Starting at the line containing "3-storey Terraced House" and ending at the line containing "Белый Ниссан Лиф, объемом", transcribe the listing below exactly. Keep both end lines, skip the pictures, and copy nothing else.
Material supplied START
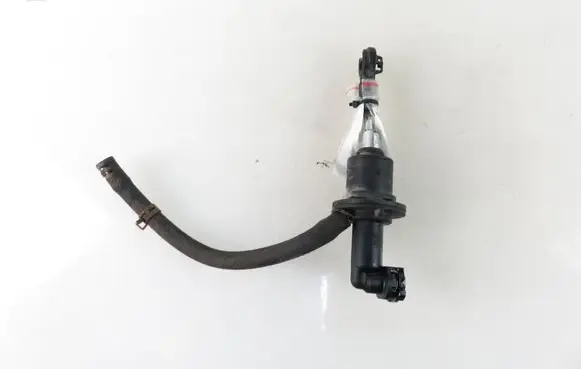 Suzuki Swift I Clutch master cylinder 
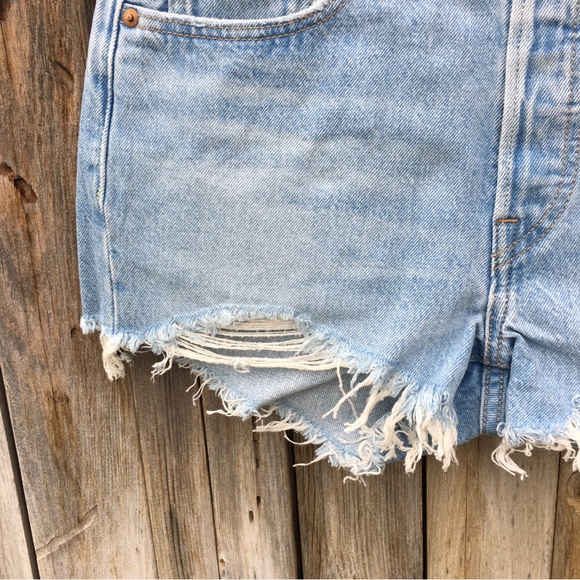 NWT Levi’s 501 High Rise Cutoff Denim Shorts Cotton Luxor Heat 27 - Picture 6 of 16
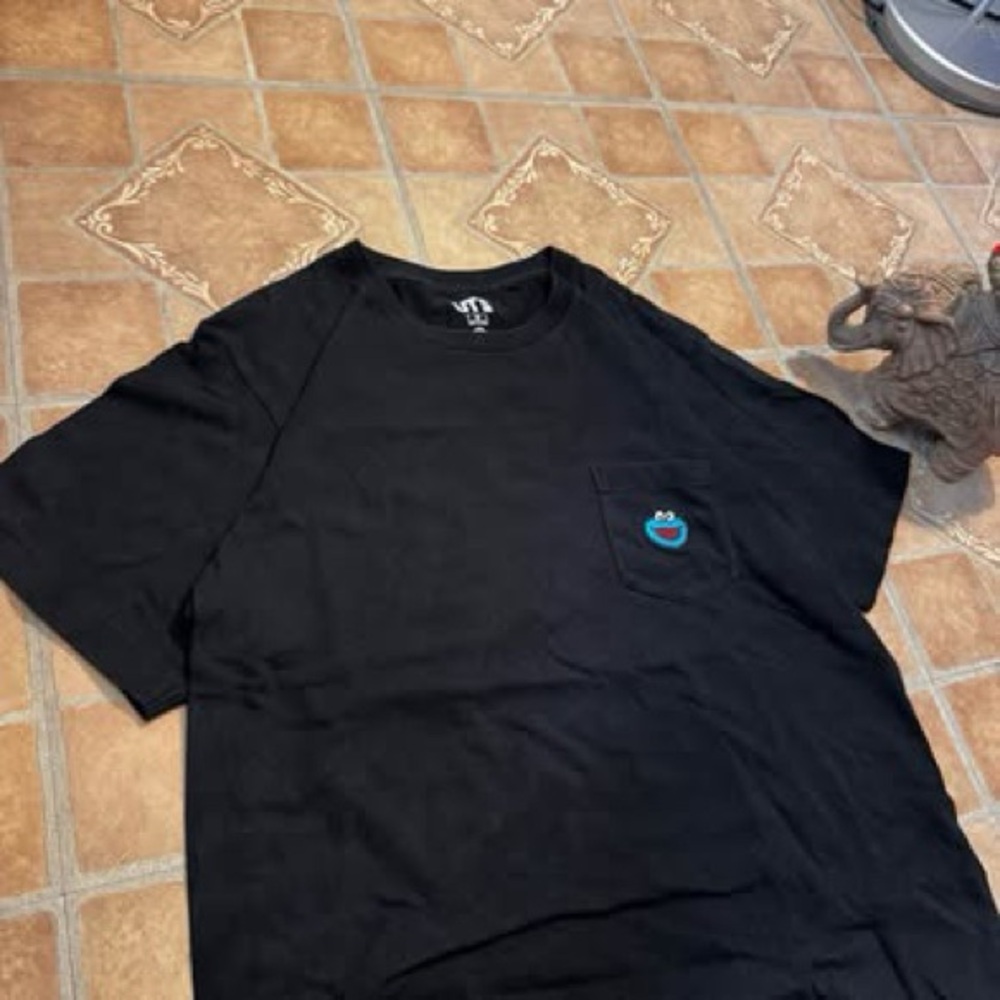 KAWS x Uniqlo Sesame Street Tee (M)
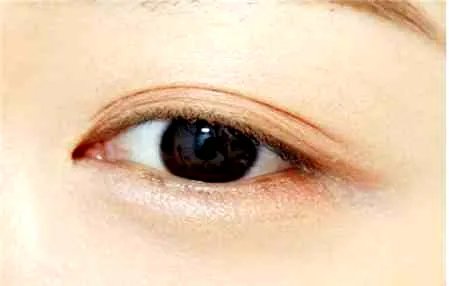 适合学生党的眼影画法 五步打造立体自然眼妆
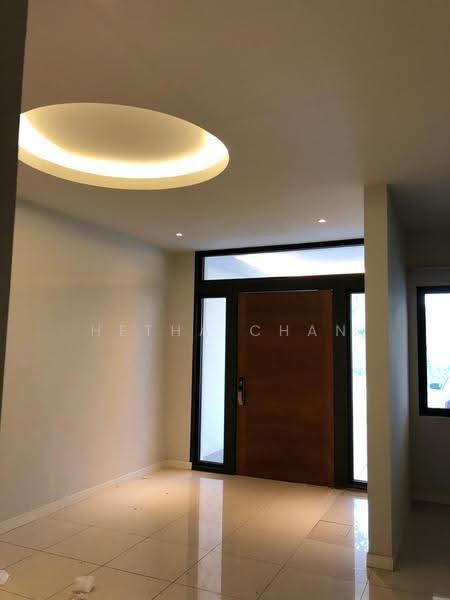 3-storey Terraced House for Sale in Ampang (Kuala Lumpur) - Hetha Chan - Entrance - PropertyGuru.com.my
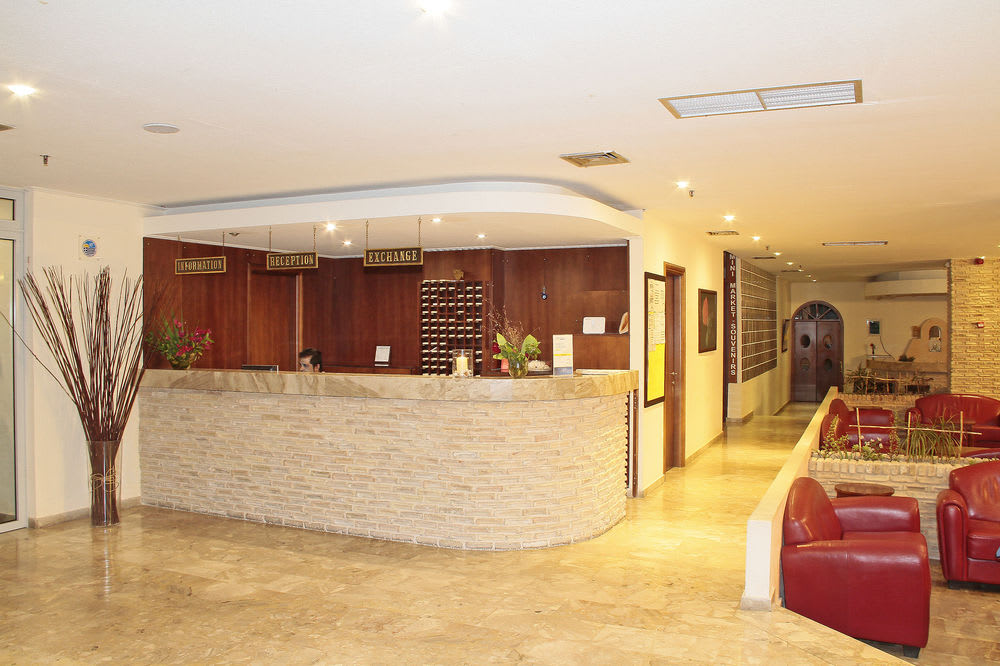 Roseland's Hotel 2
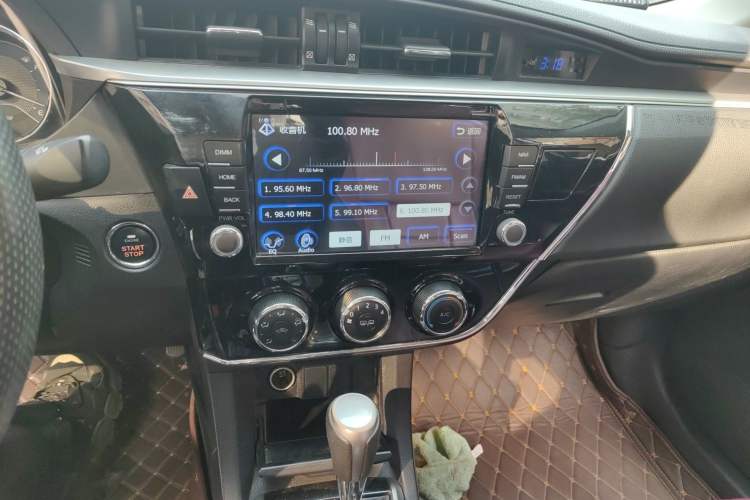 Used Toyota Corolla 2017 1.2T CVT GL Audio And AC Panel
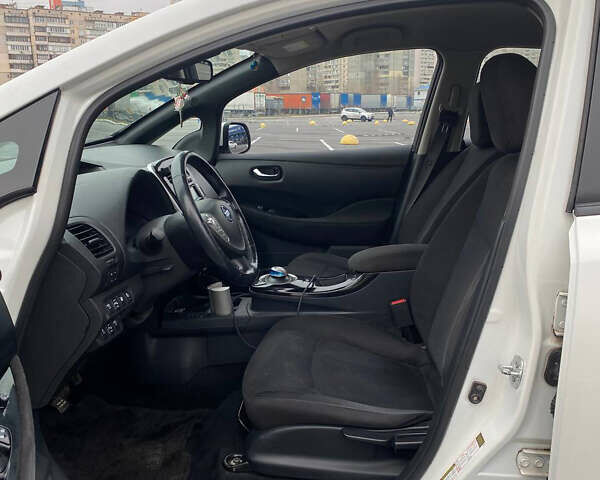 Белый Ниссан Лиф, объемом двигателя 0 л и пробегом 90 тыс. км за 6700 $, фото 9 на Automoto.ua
Material supplied END
Material supplied START
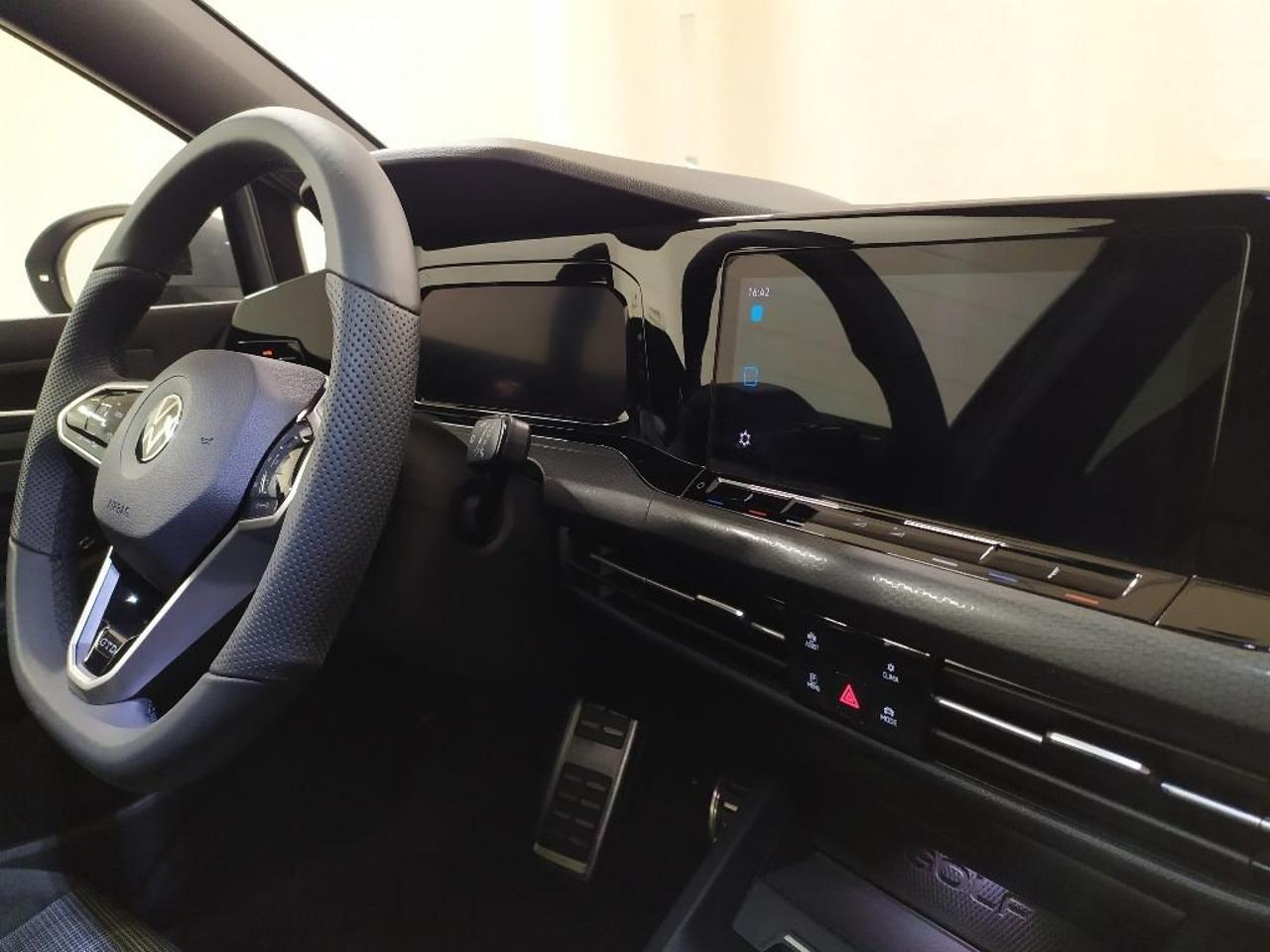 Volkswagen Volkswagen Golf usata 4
Material supplied END
[Written response]
 3-storey Terraced House for Sale in Ampang (Kuala Lumpur) - Hetha Chan - Entrance - PropertyGuru.com.my
 Roseland's Hotel 2
 Used Toyota Corolla 2017 1.2T CVT GL Audio And AC Panel
 Белый Ниссан Лиф, объемом двигателя 0 л и пробегом 90 тыс. км за 6700 $, фото 9 на Automoto.ua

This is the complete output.